While most players dunk on the way up to the rim, Wiggins dunks on the way down.
I know that seems simple and even somewhat insignificant, but it's not. The higher a player can elevate, the easier it is to separate. And the more separation, the easier it is to convert on the perimeter or finish inside.
Wiggins has the potential to be one of the Association's top scorers if he can reach his NBA ceiling. Check out Wiggins take a hop step into the lane.
He lands on two feet—a time for most players to loft a low-percentage floater or pull-up jumper over the defense. But Wiggins has other plans.
This is an example of Wiggins' ability to turn a difficult scoring opportunity into an easy two points.
Where Wiggins will make his money, though, is in the mid-range.
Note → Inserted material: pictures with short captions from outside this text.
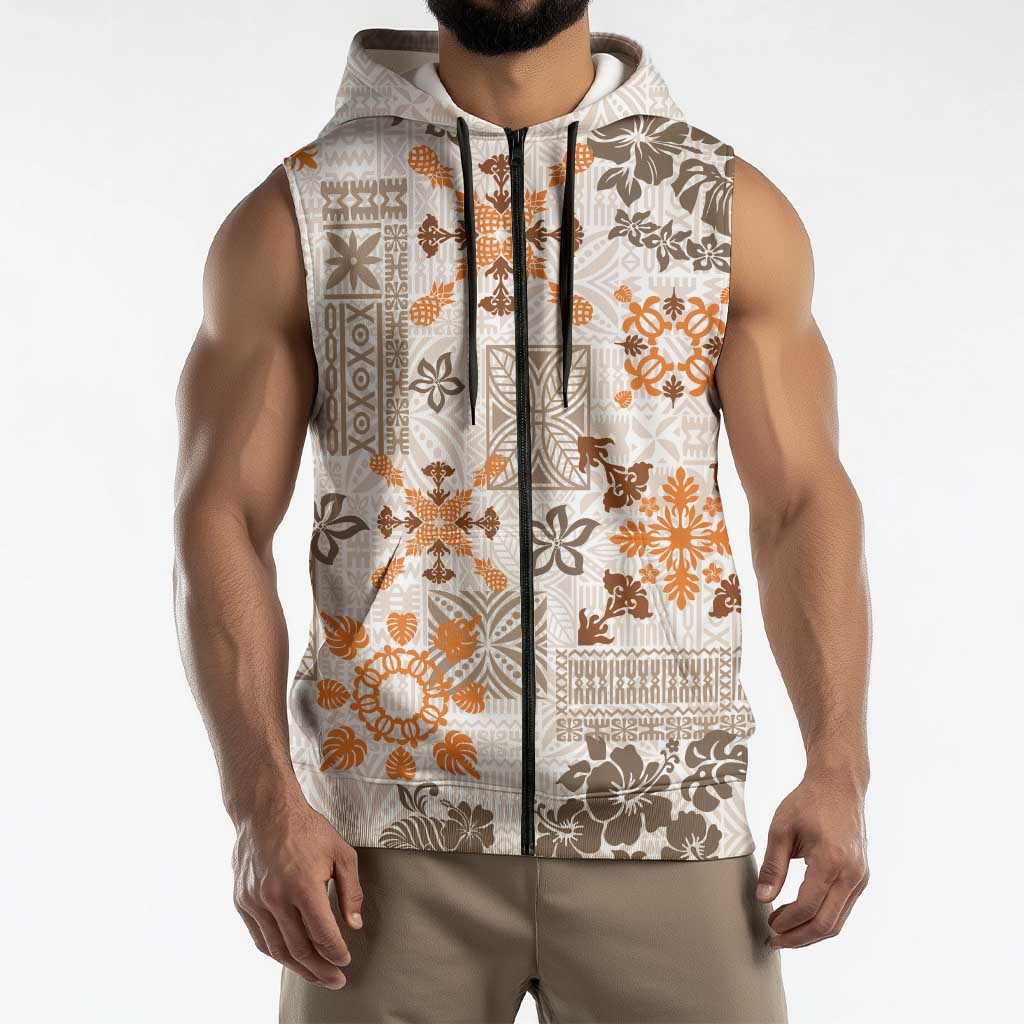 Hawaii Tapa Tribal Sleeveless Zip Hoodie With Hawaiian Quilt Pattern Gold - Polynesian Pride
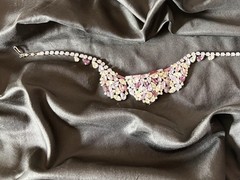 Vintage Signed Hobe’ Parure Amethyst Rhinestone Necklace Bracelet Earrings RARE
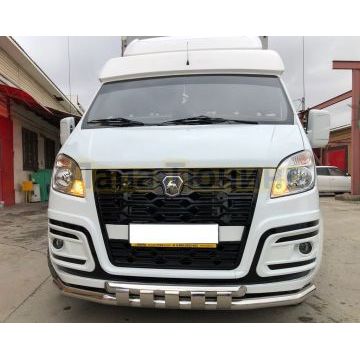 Защита переднего бампера с перемычками (бампер луидоровский) d60/60 Папа Тюнинг для ГАЗ  ГАЗель Next 2014-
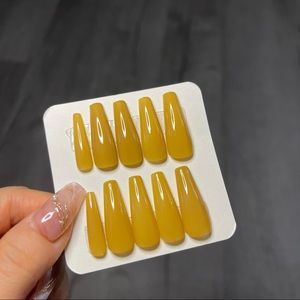 Reusable handmade press on nail fake nail glossy yellow coffin nail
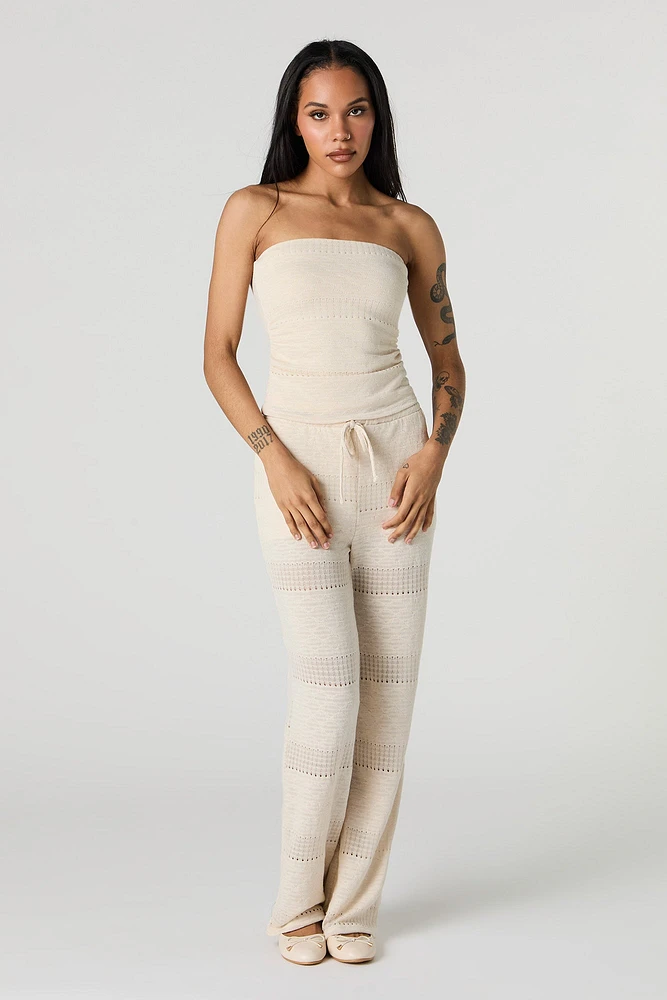 Pointelle Knit Wide Leg Pant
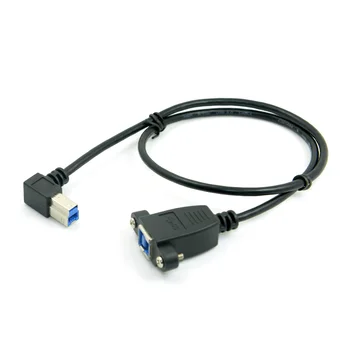 

10pcs/lot CY USB 3.0 Back Panel Mount B Type Female To Right Angled 90 Degree B Type Male Extension Cable 0.5m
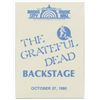 Image 1 : GRATEFUL DEAD Authentic RADIO CITY MUSIC HALL UNUSED Backstage Pass 10-27-1980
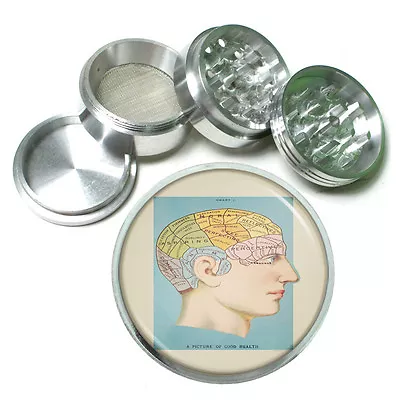 Vintage Poster D5 Aluminum Grinder 63mm 4 Piece Phrenology Good Health • $16.95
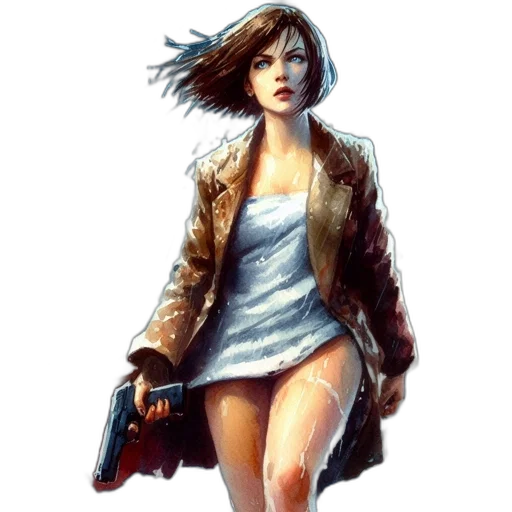 jacket, weapon, concept art, comic book art, cyberpunk, pixel art, blue, woman transparent PNG cut-out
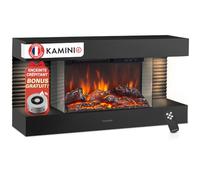 KAMINIO® Liz 82 Cheminée électrique Murale avec Chauffage [Noire] | Cheminée décorative chauffante avec effet de flamme, feu 3D à 5 niveaux, 2 niches LED, thermostat, minuterie & télécommande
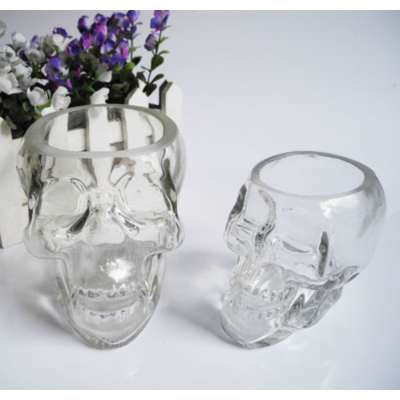 clear unique skull shaped ornament glass candle container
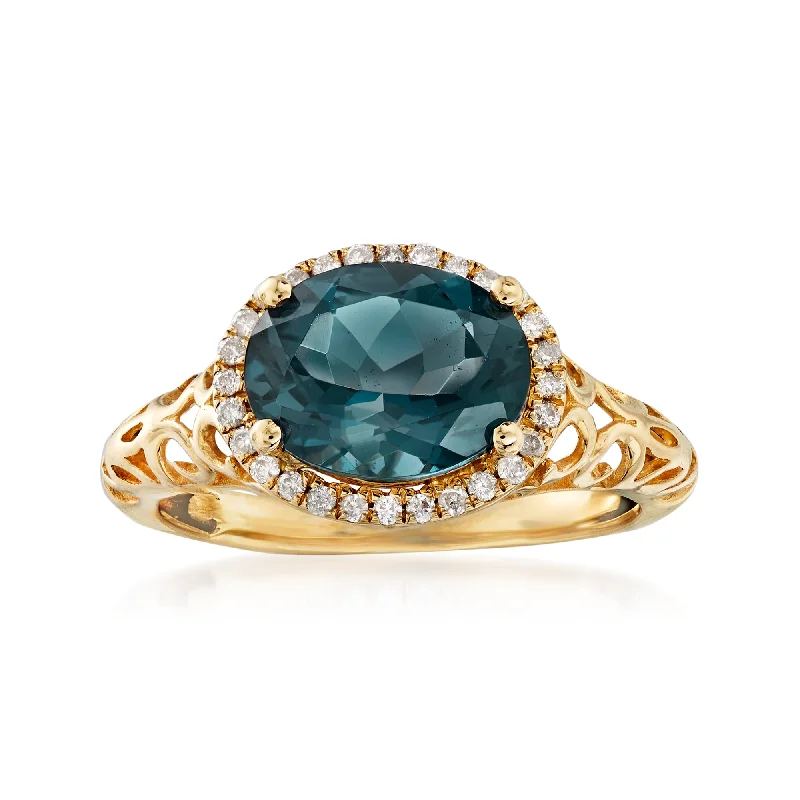 women custom designed engagement rings -Ross-Simons London Blue Topaz and . Diamond Ring in 14kt Yellow Gold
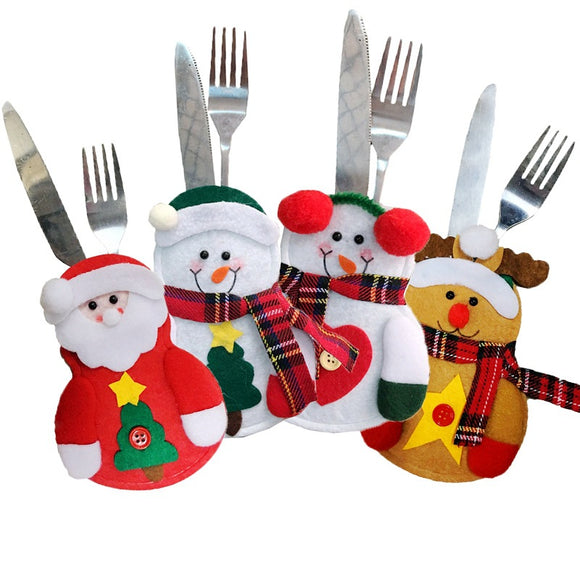 Christmas Party Home Table Decoration Snowman Elderly Ek Knife Fork Bag Cover Suit Toys Kids Gift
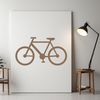 A simple bicycle silhouette with clean lines and minimalist design, suitable for cutting machines or laser engraving.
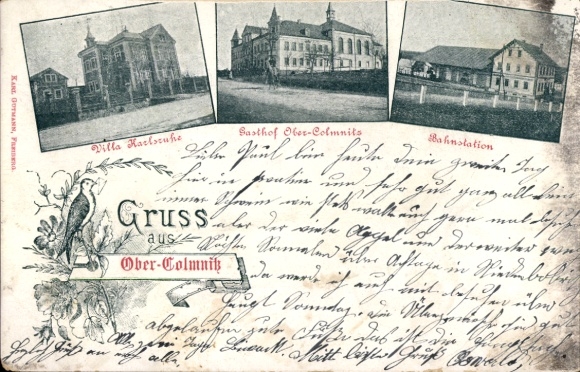 Ak Ober Colmnitz Klingenberg im Osterzgebirge, Villa Karlsruhe, Gasthof, Bahnhof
If we're really talking about the next NBA star, he'll have to follow through on the promise he's flashed as a scorer.
Creating off the dribble and separating in the mid-range is where the top scorers really shine. This is the department of offense Wiggins will be refining over the next few years, but he's shown a skill set is certainly in place.
Wiggins isn't locked in for superstardom, but he's one of the rare young prospects with the natural talent to hold up such a towering ceiling. His upside will remain intact whether he excels at Kansas or struggles with inconsistency.
I wouldn't bet on Wiggins taking over the country with monumental performance after monumental performance in one year in college.
The hype surrounding Andrew Wiggins should be focused on his long-term outlook. And given what we've seen so far, all signs point to an electric future NBA stud.